#### Information provided
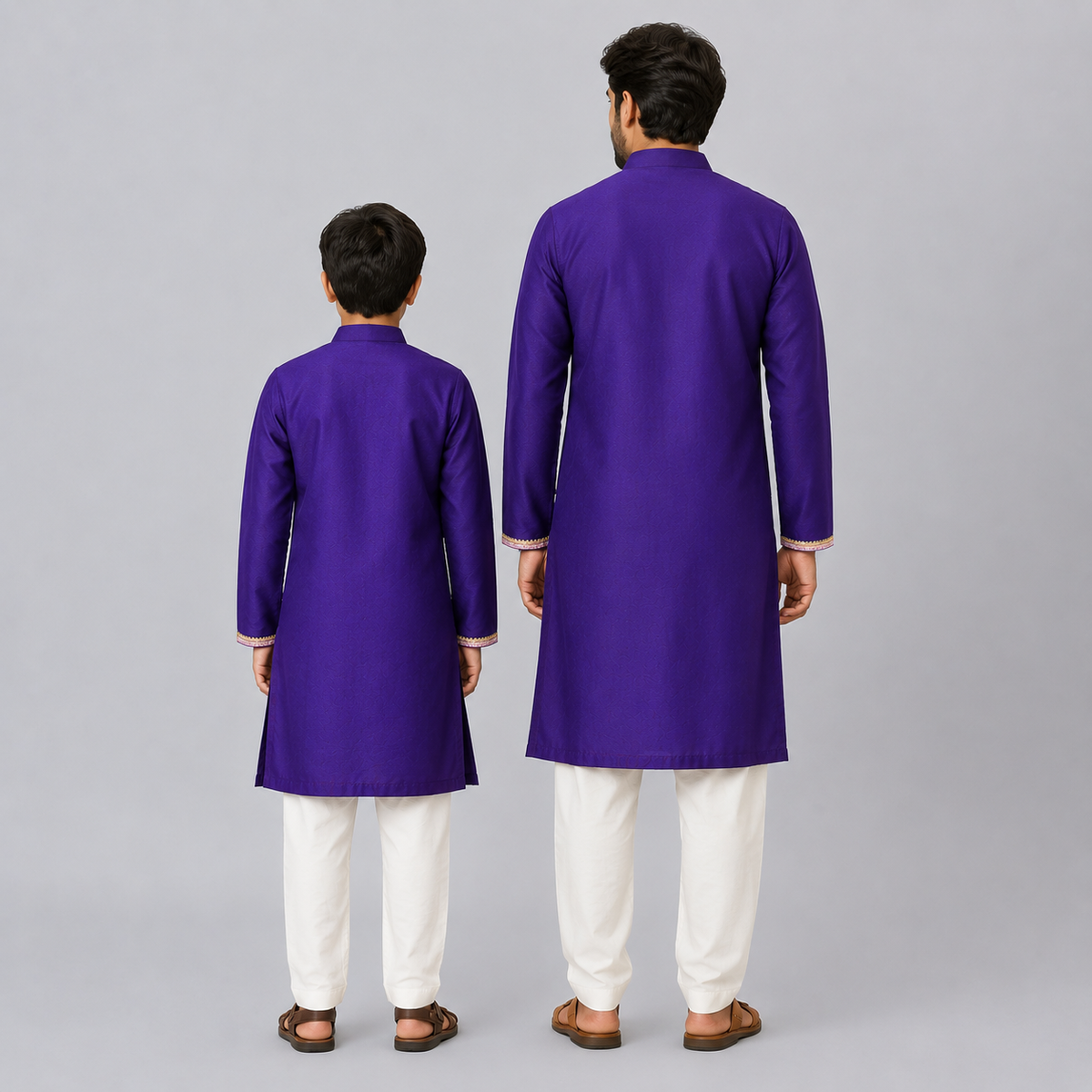 Purple Kurta with yoke embroidery kurta pyjama set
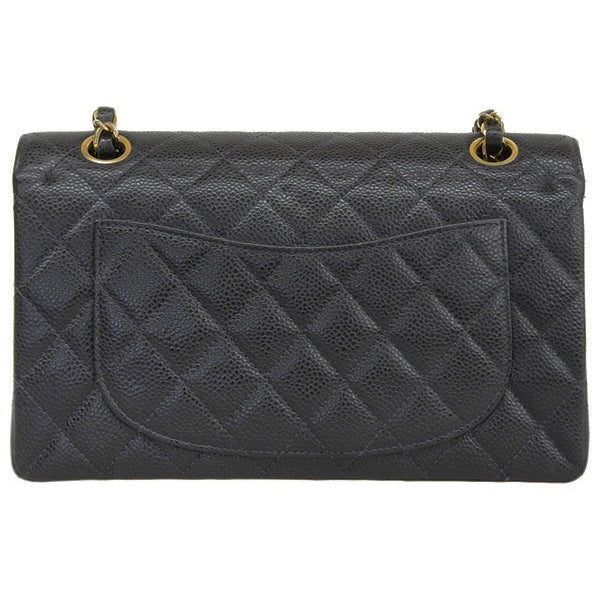 Chanel Around 2003 Made Caviar Skin Classic Flap Chain Bag 23Cm Black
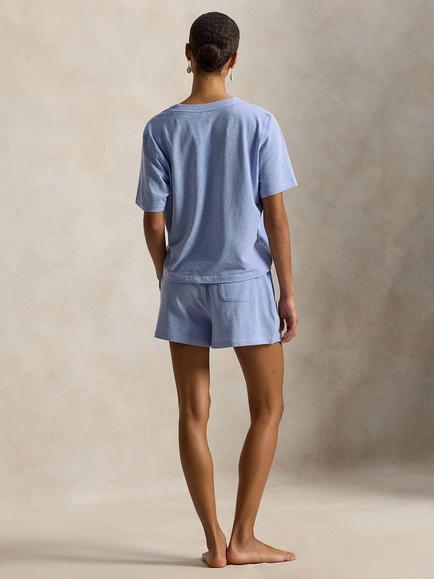 Ralph Lauren Oxford Knit Shorty Pyjama Set, Ultramarine - view 2, Ultramarine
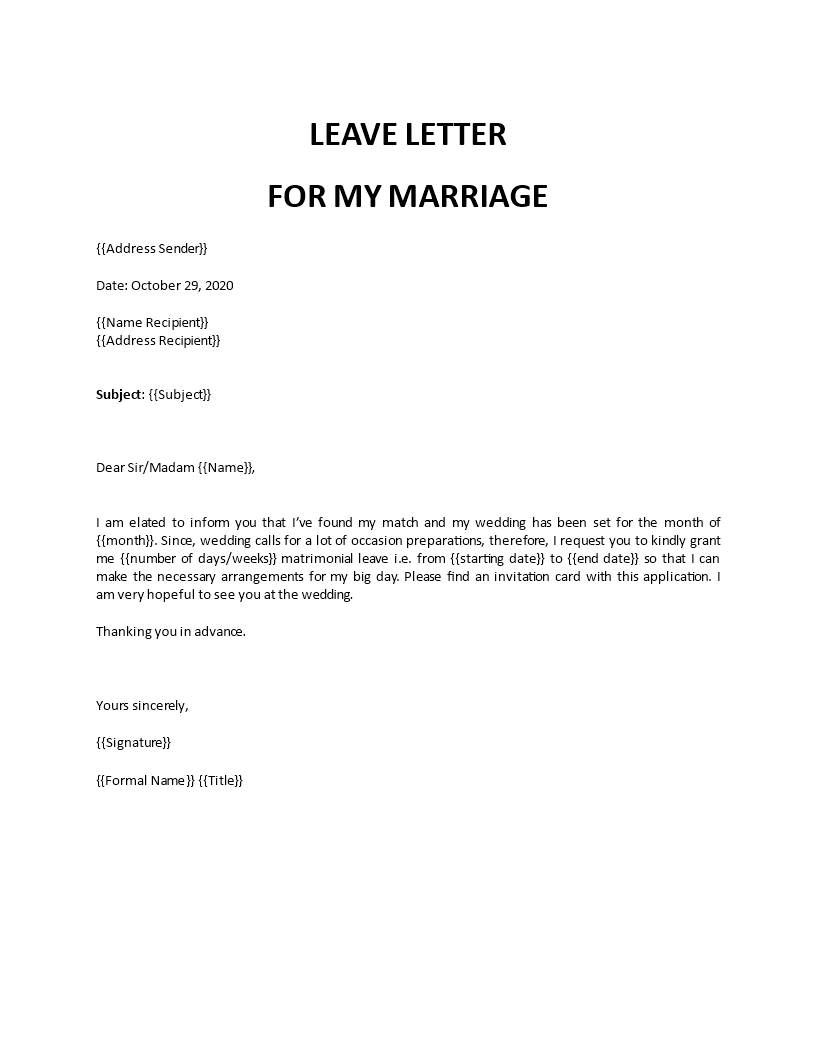 leave letter for my marriage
########
_Work to complete_.
In your copy, omit the pictures and restate every line of the data word for word.

_Response_.
 Purple Kurta with yoke embroidery kurta pyjama set
 Chanel Around 2003 Made Caviar Skin Classic Flap Chain Bag 23Cm Black
 Ralph Lauren Oxford Knit Shorty Pyjama Set, Ultramarine - view 2, Ultramarine
 leave letter for my marriage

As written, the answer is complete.